Exercise inputs below:
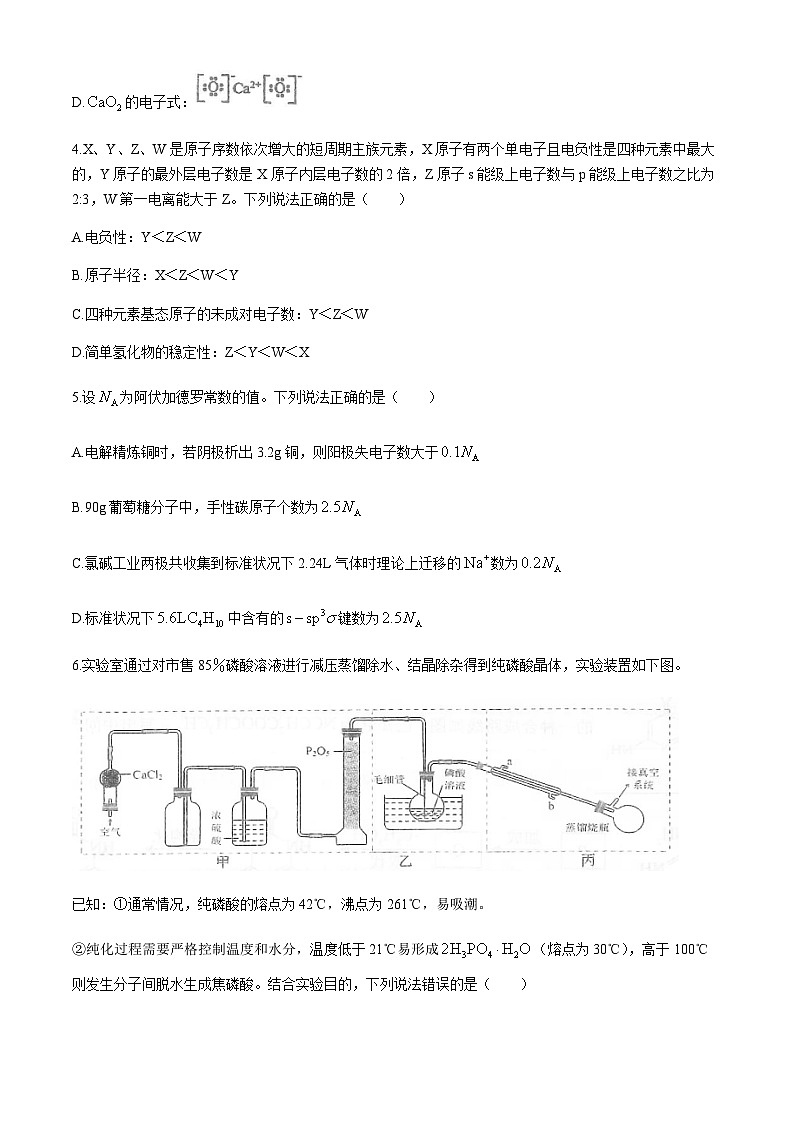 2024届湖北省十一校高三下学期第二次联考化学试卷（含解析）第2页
End of Exercise inputs.
Exercise inputs below:
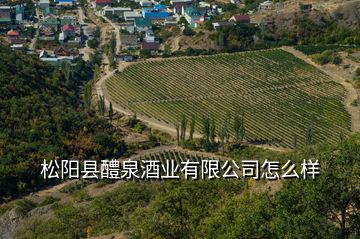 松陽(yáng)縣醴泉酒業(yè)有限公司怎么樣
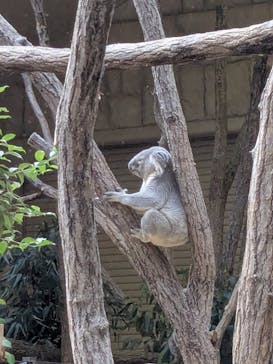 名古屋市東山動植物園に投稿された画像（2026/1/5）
End of Exercise inputs.
Of the lines above, quote exactly those from the one with "松陽(yáng)縣醴泉酒業(yè)有限公司怎么樣" through the one with "名古屋市東山動植物園に投稿された画像（2026/1/5）", ends included; pictures stay out.

■ Task output:
 松陽(yáng)縣醴泉酒業(yè)有限公司怎么樣
 名古屋市東山動植物園に投稿された画像（2026/1/5）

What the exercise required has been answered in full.